In the media's rush to draw conclusions from the mass wedding at the Vatican last Sunday, where some of the couples being wed had been cohabiting, one point seems to have been overlooked by nearly everyone: Pope Francis's choice of date for the nuptials.

On the Catholic calendar, the church is currently in the midst of what is called ordinary time. During all of this July, August, and September, there is only one Sunday in which a feast takes precedence over the normal Sunday liturgy.

Pope Francis had his pick of Sundays to preside over the mass wedding, and he chose that very Sunday. It would seem, then, that he wished that the couples would, from then on, remember that feast every year as the one upon which they were married. There is something about the nature of that feast that Pope Francis wanted the couples to associate with their vows.

What feast was it? The Feast of the Exaltation of the Holy Cross.

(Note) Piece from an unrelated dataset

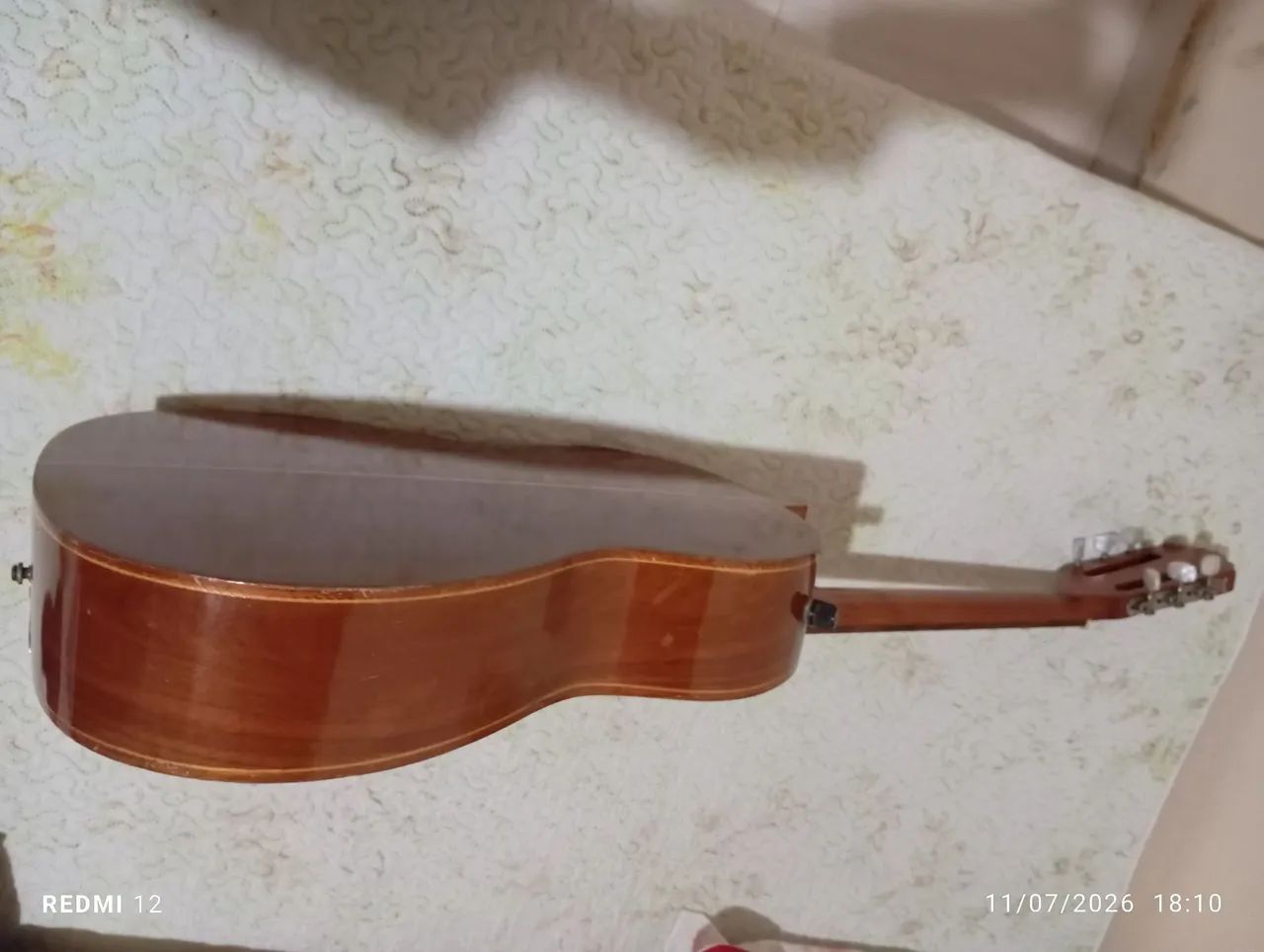 Violão Gianini  - Foto 2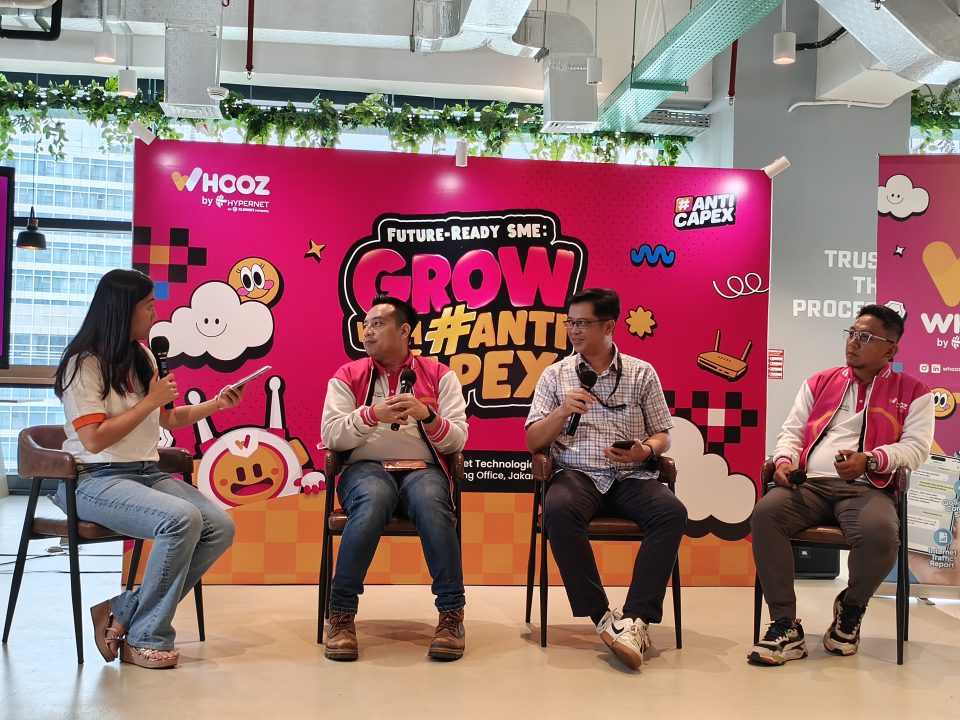 JOKO AI dari Hypernet, Solusi Buat SME yang Nggak Punya Tim IT Sendiri 1 JOKO AI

I believe the pope's choice of date is significant. Currently the media is abuzz with speculation concerning the upcoming Extraordinary Synod of Bishops, particularly with regard to a push among certain cardinals to permit Holy Communion for civilly divorced-and-remarried Catholics. Much of the debate concerns the question of how much the Church should expect members of the faithful to sacrifice. This was also an issue at the time of the contraception debate during the 1960s. At that time, those favoring relaxation of doctrine argued that it was simply too difficult for Catholic couples to follow the Church's ban on artificial methods of birth control. Pope Paul VI responded with Humanae Vitae, in which he quoted Jesus' words in Matthew 7:14: "the gate is narrow and the way is hard, that leads to life."

Perhaps Francis is indicating a similar attitude to that of Paul VI by officiating at the mass wedding on the feast marking Jesus' self-sacrificial outpouring, and by making the Cross the center of his homily.

Those reporting on the nuptials almost completely ignored the pope's homily. The Washington Post included only a small mention of it near the end of its story, and then only in relation to the synod:

Bishops from all over the world are scheduled to come to the Vatican next month for a major meeting on the family, which the Jesuit pope referred to in the homily to Sunday’s Mass as the “bricks” on which society is built.

The Associated Press did likewise, though they put the quote farther up:

Francis in his homily likened families to the "bricks that build society."

It is as though the media simply took the most innocuous quote they could find and stuck it into the story. What Francis actually did was talk about the reality of sin in spouses' lives, and the need for God's mercy. An excerpt (click here to read the entire homily):

[Out] of love the Father “has given” his only begotten Son so that men and women might have eternal life (cf. Jn 3:13-17). Such immense love of the Father spurs the Son to become man, to become a servant and to die for us upon a cross. Out of such love, the Father raises up his son, giving him dominion over the entire universe. This is expressed by Saint Paul in his hymn in the Letter to the Philippians (cf. 2:6-11). Whoever entrusts himself to Jesus crucified receives the mercy of God and finds healing from the deadly poison of sin.

The cure which God offers the people applies also, in a particular way, to spouses who “have become impatient on the way” [Num 21:4] and who succumb to the dangerous temptation of discouragement, infidelity, weakness, abandonment … To them too, God the Father gives his Son Jesus, not to condemn them, but to save them: if they entrust themselves to him, he will bring them healing by the merciful love which pours forth from the Cross, with the strength of his grace that renews and sets married couples and families once again on the right path.

Yes, I realize Francis is speaking about mercy and healing, the very kinds of things the media's "inclusive" pope would speak about. But he is also speaking about sin, sacrifice and the interior co-crucifixion with Christ that Catholic faith recognizes as a requirement for redemption (see Gal 2:20).

Someone in the mainstream press should have noticed that. No one did.